Task details -> Find the line with "Brosse vapeur Poilou" and the line with "E pabesueshme: Arsenali" in the entries below; output exactly those two lines, every line between them, and no others.

Task material ->

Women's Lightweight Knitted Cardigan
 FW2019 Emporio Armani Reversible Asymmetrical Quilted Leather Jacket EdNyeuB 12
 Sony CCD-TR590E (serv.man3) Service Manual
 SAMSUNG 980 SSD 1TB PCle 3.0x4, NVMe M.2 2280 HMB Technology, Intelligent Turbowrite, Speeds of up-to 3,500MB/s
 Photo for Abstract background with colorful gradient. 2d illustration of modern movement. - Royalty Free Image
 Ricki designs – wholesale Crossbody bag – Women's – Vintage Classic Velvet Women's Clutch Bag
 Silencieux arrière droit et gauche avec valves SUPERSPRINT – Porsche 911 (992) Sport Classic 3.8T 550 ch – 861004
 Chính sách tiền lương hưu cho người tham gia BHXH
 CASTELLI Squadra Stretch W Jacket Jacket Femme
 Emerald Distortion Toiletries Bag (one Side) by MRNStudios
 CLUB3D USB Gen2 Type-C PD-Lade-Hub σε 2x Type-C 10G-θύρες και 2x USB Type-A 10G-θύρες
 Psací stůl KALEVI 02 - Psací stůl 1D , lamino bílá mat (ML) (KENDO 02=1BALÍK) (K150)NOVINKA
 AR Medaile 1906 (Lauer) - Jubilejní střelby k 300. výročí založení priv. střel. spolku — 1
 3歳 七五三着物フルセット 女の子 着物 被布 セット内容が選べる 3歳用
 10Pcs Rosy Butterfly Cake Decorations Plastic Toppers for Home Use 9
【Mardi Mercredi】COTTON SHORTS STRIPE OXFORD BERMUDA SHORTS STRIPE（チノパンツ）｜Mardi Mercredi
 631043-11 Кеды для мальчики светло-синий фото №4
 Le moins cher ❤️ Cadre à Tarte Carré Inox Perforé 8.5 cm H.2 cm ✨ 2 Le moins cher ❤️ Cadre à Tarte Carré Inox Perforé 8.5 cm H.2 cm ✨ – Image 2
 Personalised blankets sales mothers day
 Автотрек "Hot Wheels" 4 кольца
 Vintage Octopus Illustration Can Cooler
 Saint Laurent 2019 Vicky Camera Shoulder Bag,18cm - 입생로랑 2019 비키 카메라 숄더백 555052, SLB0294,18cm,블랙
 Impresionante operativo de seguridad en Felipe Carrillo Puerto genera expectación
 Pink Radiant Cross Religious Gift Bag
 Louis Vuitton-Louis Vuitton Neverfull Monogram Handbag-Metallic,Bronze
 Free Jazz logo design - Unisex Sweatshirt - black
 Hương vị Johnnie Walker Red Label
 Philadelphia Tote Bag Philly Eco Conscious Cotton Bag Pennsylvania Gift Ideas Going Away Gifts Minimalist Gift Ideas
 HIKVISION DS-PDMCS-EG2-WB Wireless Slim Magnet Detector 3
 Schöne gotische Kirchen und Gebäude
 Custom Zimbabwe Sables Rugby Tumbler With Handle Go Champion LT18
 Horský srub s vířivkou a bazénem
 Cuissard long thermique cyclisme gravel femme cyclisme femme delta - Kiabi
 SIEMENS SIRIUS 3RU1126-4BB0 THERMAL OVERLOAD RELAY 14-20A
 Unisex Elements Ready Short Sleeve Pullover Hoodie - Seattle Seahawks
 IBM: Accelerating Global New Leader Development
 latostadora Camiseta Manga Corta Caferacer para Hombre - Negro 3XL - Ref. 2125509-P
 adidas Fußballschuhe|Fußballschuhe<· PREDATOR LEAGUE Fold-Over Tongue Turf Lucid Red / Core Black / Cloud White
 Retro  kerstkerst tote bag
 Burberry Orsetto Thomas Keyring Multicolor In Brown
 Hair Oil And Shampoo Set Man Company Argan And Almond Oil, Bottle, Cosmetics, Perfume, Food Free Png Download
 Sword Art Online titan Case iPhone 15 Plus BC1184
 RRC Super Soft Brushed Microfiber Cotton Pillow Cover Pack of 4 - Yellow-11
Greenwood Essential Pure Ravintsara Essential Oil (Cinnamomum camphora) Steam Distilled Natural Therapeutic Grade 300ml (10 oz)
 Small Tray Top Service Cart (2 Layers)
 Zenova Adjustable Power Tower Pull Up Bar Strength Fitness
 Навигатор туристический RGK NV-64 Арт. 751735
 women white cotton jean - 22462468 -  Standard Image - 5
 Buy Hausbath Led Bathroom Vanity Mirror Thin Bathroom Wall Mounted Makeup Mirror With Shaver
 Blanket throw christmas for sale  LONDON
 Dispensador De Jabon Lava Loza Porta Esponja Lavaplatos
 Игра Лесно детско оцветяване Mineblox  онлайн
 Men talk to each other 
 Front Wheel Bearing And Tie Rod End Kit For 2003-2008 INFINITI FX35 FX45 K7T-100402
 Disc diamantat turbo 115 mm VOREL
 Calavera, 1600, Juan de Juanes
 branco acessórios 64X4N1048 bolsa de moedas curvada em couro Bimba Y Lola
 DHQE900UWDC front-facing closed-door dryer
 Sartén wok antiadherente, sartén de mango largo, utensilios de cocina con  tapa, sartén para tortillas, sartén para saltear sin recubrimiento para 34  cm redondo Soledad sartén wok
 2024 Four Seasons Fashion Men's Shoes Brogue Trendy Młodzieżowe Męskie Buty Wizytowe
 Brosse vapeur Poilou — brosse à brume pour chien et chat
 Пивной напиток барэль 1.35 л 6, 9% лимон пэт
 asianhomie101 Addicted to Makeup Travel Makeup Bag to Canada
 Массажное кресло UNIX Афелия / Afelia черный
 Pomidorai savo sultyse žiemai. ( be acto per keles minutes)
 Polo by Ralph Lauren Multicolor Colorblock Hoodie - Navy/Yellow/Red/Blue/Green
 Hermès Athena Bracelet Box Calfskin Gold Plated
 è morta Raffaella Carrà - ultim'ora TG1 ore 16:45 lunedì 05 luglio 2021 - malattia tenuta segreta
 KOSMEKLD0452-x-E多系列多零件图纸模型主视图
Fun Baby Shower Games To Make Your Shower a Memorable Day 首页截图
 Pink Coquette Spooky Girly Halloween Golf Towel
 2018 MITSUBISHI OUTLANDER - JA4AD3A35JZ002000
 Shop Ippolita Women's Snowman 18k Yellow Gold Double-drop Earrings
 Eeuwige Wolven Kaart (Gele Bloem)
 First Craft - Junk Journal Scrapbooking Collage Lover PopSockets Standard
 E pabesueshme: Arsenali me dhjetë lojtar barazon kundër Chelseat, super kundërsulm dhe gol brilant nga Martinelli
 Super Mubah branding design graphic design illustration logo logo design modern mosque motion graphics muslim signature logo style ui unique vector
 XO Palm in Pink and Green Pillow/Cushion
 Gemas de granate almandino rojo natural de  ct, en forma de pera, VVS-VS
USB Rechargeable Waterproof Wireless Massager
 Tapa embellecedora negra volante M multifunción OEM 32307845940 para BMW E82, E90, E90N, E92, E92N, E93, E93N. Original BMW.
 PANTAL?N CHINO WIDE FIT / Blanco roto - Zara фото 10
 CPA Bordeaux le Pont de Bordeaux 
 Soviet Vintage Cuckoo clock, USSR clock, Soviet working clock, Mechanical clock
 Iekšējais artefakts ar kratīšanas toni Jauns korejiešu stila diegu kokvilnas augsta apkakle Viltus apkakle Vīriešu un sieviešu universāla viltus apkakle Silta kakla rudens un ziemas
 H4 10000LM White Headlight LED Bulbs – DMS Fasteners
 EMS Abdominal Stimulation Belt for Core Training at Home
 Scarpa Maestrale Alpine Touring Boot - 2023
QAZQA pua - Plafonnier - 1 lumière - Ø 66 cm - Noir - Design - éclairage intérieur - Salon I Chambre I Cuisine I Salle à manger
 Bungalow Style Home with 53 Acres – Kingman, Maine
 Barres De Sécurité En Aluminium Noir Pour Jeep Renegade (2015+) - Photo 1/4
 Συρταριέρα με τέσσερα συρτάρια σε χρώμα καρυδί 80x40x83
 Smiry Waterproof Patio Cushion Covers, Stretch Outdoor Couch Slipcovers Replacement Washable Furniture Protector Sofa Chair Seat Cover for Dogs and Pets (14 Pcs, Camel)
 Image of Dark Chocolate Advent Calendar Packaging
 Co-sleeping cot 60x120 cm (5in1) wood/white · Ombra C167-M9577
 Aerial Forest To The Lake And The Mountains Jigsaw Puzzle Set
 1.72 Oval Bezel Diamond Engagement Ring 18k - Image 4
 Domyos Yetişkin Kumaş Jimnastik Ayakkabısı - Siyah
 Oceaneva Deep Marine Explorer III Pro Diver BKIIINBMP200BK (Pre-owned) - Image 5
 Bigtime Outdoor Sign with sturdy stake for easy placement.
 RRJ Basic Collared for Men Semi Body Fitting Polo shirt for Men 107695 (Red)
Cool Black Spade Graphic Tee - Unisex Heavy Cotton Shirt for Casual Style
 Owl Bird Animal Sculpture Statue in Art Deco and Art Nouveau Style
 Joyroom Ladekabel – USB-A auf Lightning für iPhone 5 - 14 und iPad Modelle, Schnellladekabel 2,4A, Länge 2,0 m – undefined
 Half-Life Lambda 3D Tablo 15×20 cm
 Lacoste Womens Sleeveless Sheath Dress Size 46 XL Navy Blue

Worked solution ->
 Brosse vapeur Poilou — brosse à brume pour chien et chat
 Пивной напиток барэль 1.35 л 6, 9% лимон пэт
 asianhomie101 Addicted to Makeup Travel Makeup Bag to Canada
 Массажное кресло UNIX Афелия / Afelia черный
 Pomidorai savo sultyse žiemai. ( be acto per keles minutes)
 Polo by Ralph Lauren Multicolor Colorblock Hoodie - Navy/Yellow/Red/Blue/Green
 Hermès Athena Bracelet Box Calfskin Gold Plated
 è morta Raffaella Carrà - ultim'ora TG1 ore 16:45 lunedì 05 luglio 2021 - malattia tenuta segreta
 KOSMEKLD0452-x-E多系列多零件图纸模型主视图
Fun Baby Shower Games To Make Your Shower a Memorable Day 首页截图
 Pink Coquette Spooky Girly Halloween Golf Towel
 2018 MITSUBISHI OUTLANDER - JA4AD3A35JZ002000
 Shop Ippolita Women's Snowman 18k Yellow Gold Double-drop Earrings
 Eeuwige Wolven Kaart (Gele Bloem)
 First Craft - Junk Journal Scrapbooking Collage Lover PopSockets Standard
 E pabesueshme: Arsenali me dhjetë lojtar barazon kundër Chelseat, super kundërsulm dhe gol brilant nga Martinelli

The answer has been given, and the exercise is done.